Cuba Gooding Jr. (left) is another big acting talent wasted in this stiffly patriotic tribute to US war dead.
photo: Courtesy Saturn Entertainment
Running time: 183 minutes
Starring: Ben Affleck, Josh Hartnett, Kate Beckinsale
Playing in Bratislava at: Istropolis cinema
Rating: 4 out of 10
Pearl Harbor is a tacky succession of love scenes interlarded with the glossiest war footage hundreds of millions of dollars can produce. I wanted to hate this movie for its cornball lines and plot and computer-generated effects, and was irritated with myself when I felt it tingling my spine and getting me in the gut. The action is not realistic and the emotion is not convincing, but the allure of train station partings and dogfights over the ocean, and the power of an attack that saw 3,000 die, many drowned in sunken battleships, was enough, at times, to entertain.
The film opens with two boys with the apple-pie-and-baseball names Rafe McCawley and Danny Walker tinkering with a crop-duster. When Danny's dad catches them and slaps Danny, Rafe shouts at him that he is a dirty German. The man swallows hard and gazes out over the amber waves of grain. "I fought the Germans in World War I," he says. "I saw things I hope you boys never see."

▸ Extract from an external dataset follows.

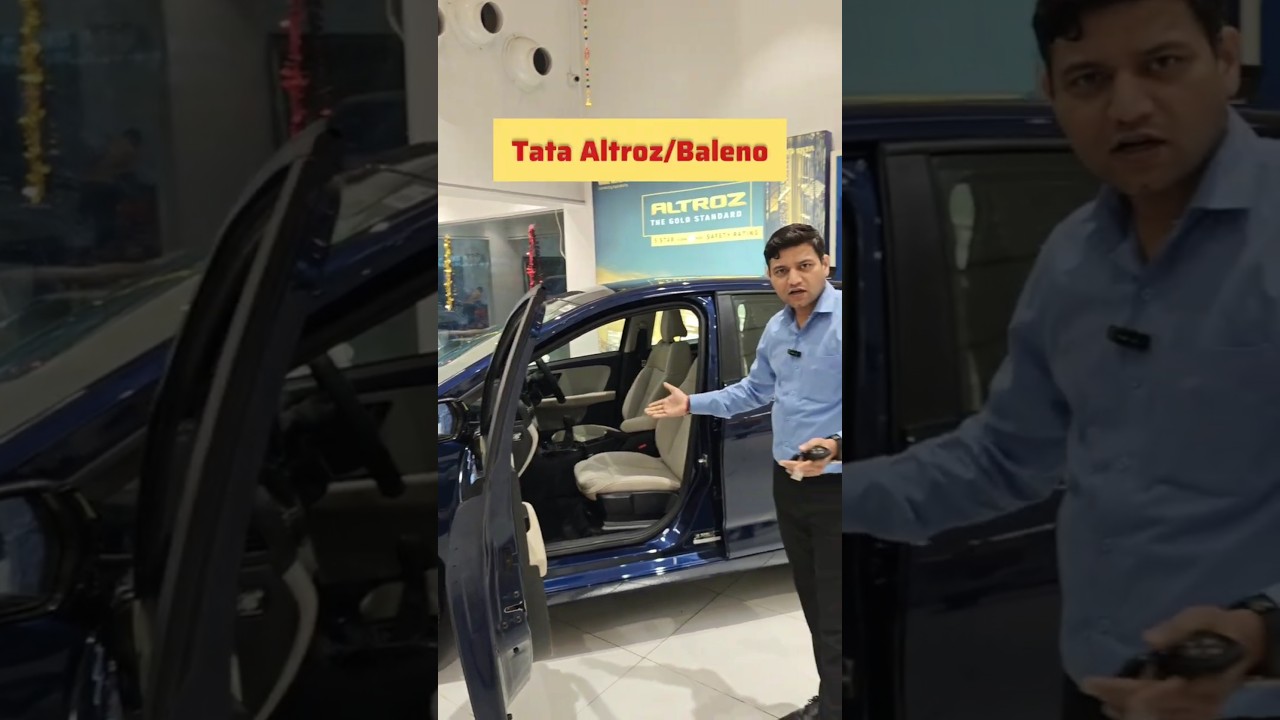 Don't Buy Baleno Before Watching This! Altroz vs Baleno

Alas, dad's grave words go unheeded, and the boys become hot-shot pilots with the U.S. on the verge of World War II. Rafe (Ben Affleck) is so cocky he volunteers to join a squadron of foreigners fighting in the Battle of Britain. Danny (Josh Hartnett) is heartbroken, as is Evelyn (Kate Beckinsale), a nurse who met Rafe a month before in a bit of slapstick romance involving her giving him a shot in his naked rump and his fainting.
Rafe writes that "England is cold... but I stay warm thinking of you." Evelyn responds from Pearl Harbor, Hawaii, "Every day I try to draw the last heat from the sunset and send it to you." But Rafe goes down in the Atlantic, and by the time he makes it back to Hawaii to tell Evelyn he is alive, she and Danny have already exchanged their own romance-novel lines. Now Evelyn loves Danny, and Rafe hates Danny.
The surprise Japanese attack on Pearl Harbor looms. The Japanese and American military brass seem to know we are listening, and want to ensure the script's foreshadowing hits its mark. Japanese officer to higher-up: "We have completed our training for the super secret Japanese attack on Pearl Harbor." American strategist to general: "I have a crazy hunch the Japanese are planning a super secret attack on Pearl Harbor." General: "Pearl Harbor! Why that would devastate our pacific forces!"
Alas, the Japanese do attack Pearl Harbor, and in so doing launch the film's 40-minute centrepiece. But unlike recent films that attained a horrifying accuracy in depicting war (Saving Private Ryan, Thin Red Line), the action here is more like a video game - the sparks and pings of stray bullets are a bit too sharp and the thunder and fire of the bombs too crisp and bright. Yet shots of falling bombs - from fighter hatch to ship hull - are exhilarating. And scenes of nurses performing triage on the dying, shots of men drowning - and knowing well in advance they will drown - are invariably moving.
Beckinsdale plays the role of nurse and lover with guts and glamour despite lines such as, "Oh Rafe, I'm gonna give my whole heart to Danny, but I'll never look at a sunset without thinking of you." Affleck's shoulders and spiky hair make for a good soldier-boy look, and Hartnett's farm-boy gape hits the right guilty note in the love triangle scenes.
Heroes following the attack on Pearl Harbor, and with the U.S. and Japan now officially at war, Danny and Rafe are selected for a daredevil attack on Tokyo. Evelyn, secretly pregnant with Danny's child, waits nervously in Hawaii. Will her boys make it back alive? Will they both perish? Or will only one die, and if so, which one?
While the answers didn't matter much to me, I still stuck around to hear them. Pearl Harbor is a sleek, empty film, but if you're a complete sucker for war movies, it has its moments.